Before receiving a degree in Industrial Design from RISD, the artist known as Mr. Kiji began his art training with an apprenticeship in Nepal studying Tibetan Buddhist Thangka painting. While Kiji says the method is still relevant and informs his current work, he claims there's no "obvious correlation in terms of composition and aesthetics." Instead, the Japanese native cites "Japanese folklore and Buddhism" as current influences. Either way, we won't argue. The results—fantastical scenes layering vivid color, images, symbols, patterns and abstractions—if nothing else accomplish the feat of bringing a barrage of subjects into harmony for paintings as equally kinetic as they are unified.
The NYC-based painter's latest works, four of which are on display in the group show "Spectrum" at NYC's Mallick Williams Gallery, are part of Kiji's ongoing series called "My Drifting Life in a Floating World." He describes them as a study on the "current and past events both public and personal in the context of traditional Ukioy-e woodblock-based style also commonly known as 'Floating World' prints."
Specifically, Kiji references Utagawa Kuniyoshi's 1859 woodblock print "Events in the Ansei Period" as the initial inspiration for his recent work. His colorful interpretations keep to Kuniyoshi's theme, depicting a large fish blamed for causing an earthquake with its intense thrashing—an image that later came to symbolize both the forces of destruction and rebirth. But, positioning himself firmly within contemporary practices, Kiji's lines show his background as an illustrator, with geometric shapes hinting at vector graphics.

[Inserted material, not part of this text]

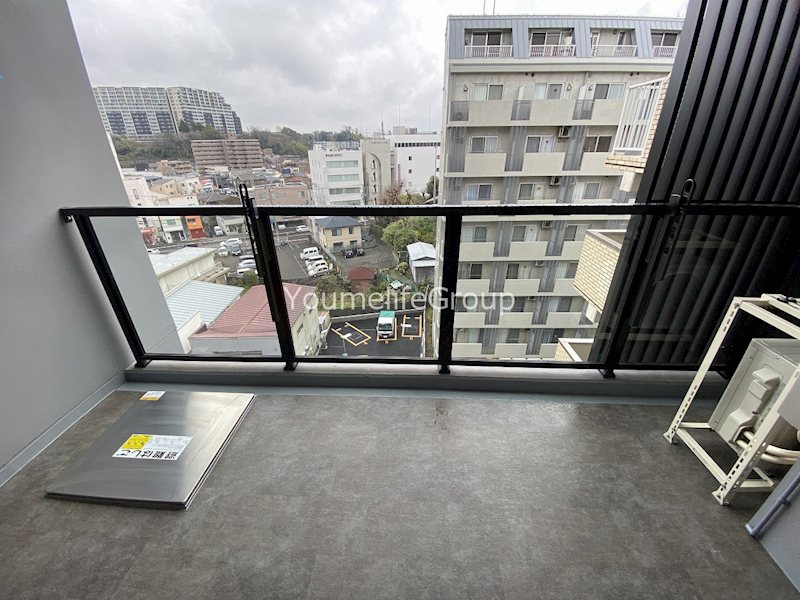 GARBO FUJISAWA ベランダ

The young artist's versatility has already landed him gigs for the New York Times' Op-Ed section, making textile designs for snowboard garb, executing large-scale paintings for hotel rooms at the Ace NYC and designing charity footballs for Maxim's Superbowl party. (Check out these and more in the gallery, as well as his work on the Electric Windows project in our 2008 video.)
"Spectrum" opens today at Mallick Williams Gallery and runs through 1 June 2011.